31/Déc/2015 CHILI

Mouvement Champagnat de la Famille Mariste

Tout au long de son histoire de 30 ans, la Mouvement Champagnat de la Famille Mariste a voulu aider chaque membre à découvrir sa mission personnelle dans la construction de Royaume de Dieu. Le nouveau Projet de vie qui est en train de s’élaborer dans la démarche d’actualisation du Mouvement, cherche à reconnaitre cette dimension de la mission mariste : développer le visage marial de l’Église, c’est-à-dire une Église qui s’abaisse, qui se met au service, qui accueille, qui est engagée auprès des plus faibles et des plus misérables.

Dans ces lignes, nous voulons faire écho à quelques témoignages de fraternités maristes qui s’engagent dans des centres sociaux, des paroisses, des collèges… avec une importante dimension de solidarité qu’elles intègrent dans leurs obligations familiales et professionnelles. Nous présentons aujourd’hui la fraternité Gregorio Pastor, du Chili (Province Santa María de los Andes).

 

Quand souffle l’Esprit, surgissent les paradoxes de l’Évangile

C’est récemment que se sont ouvertes les classes du nouveau Collège mariste qui porte le nom d’un des martyrs du Zaïre, le frère Fernando de la Fuente. Ce collège se trouve au nord de notre pays, à plus de 1700 kilomètres de Santiago, dans la commune La Negra de Alto Hospicio, la commune la plus pauvre du pays, avec un indice élevé de d’addiction à la drogue. On nous a invitées à faire connaissance avec le nouveau collège. On nous a présentées comme des volontaires maristes. Il y avait là de nombreuses activités à réaliser; la principale fut de transférer la bibliothèque du premier étage au second, préparer les fiches, couvrir les livres, décorer et préparer l’endroit pour les activités…

Après cette première rencontre, nous sommes retournées à Santiago passablement fatiguées, mais avec la certitude que nous avions un grand défi devant nous. Au collège Frère Fernando, on n’y va pas en visite, ni de passage : on va à une rencontre avec Marcellin que accueille, qui écoute, qui joue, qui rit, qui travaille, qui instruit, mais surtout, qui nous apprend que le plus important est l’amour.

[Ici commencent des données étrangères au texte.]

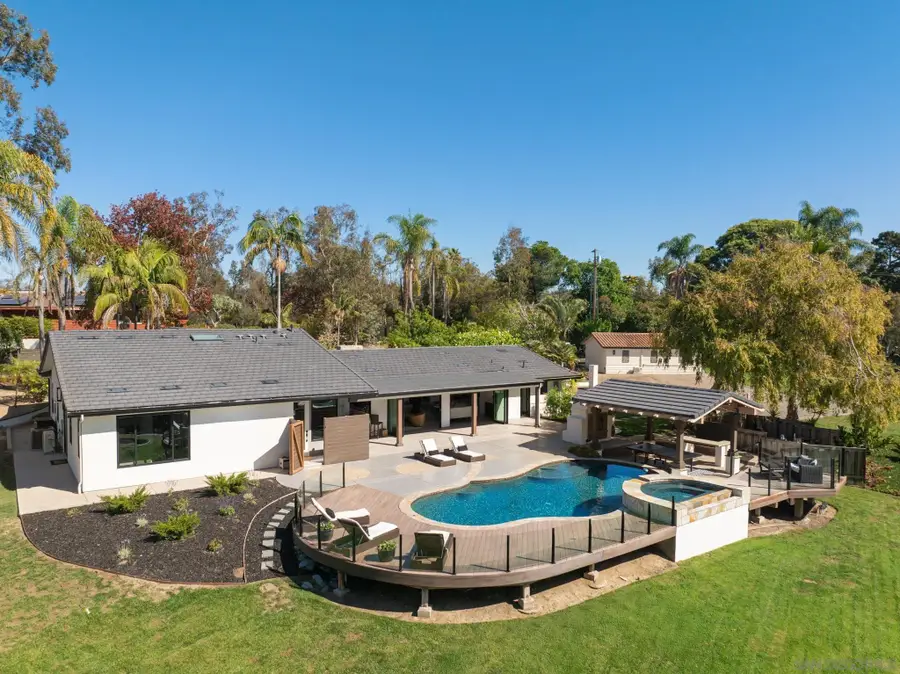 15102 Sun Valley Lane, Del Mar, CA 92014 - Image #2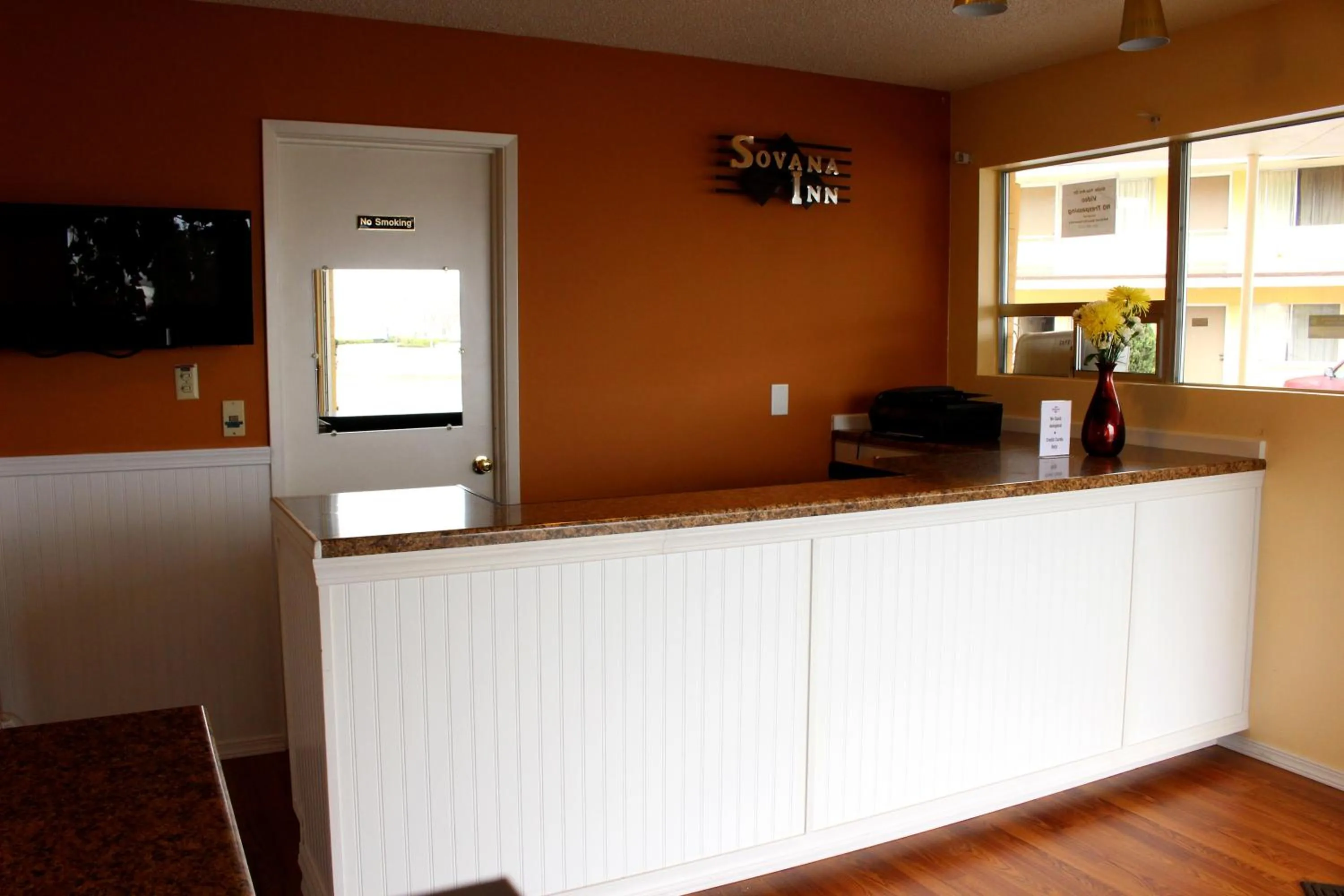 Lobby or reception in Sovana Inn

Depuis cette date, (il y a presque 9 ans), nous retournons deux fois par année nous mettre à la disposition de la communauté du collège pour rendre les services que l’on nous demande, depuis la pose de boutons jusqu’à accompagner des journées avec les professeurs, les élèves, les parents et toute la communauté. Mais cette expérience de solidarité de notre fraternité ne se limite pas seulement dans le « faire et partir » mais cela a été une expérience transformatrice où les regards viennent du cœur. La crainte des premières rencontres en marchant sur les trottoirs poussiéreux a fait place à l’amour et il n’y a rien maintenant qui puisse nous inquiéter puisque nous avons été séduites et invitées à la solidarité. Une solidarité qui implique le prochain, le frère, les parents, les élèves et ceux qui participent à cette communauté du collège, avec leurs histoires d’efforts, de luttes, de peine et de joie. Une solidarité où, à la tombée du soir, on partage la même table où sont toujours présentes la joie, les émotions, l’écoute et le silence, l’amitié et la confiance, mais surtout l’infinie grâce de Dieu pour un si grand cadeau où les petits, les pauvres et le nécessiteux, quels qu’ils soient, peuvent vivre dans ce lieu qui devient une force transformatrice qui permet à l’âme de grandir et de s’enrichir.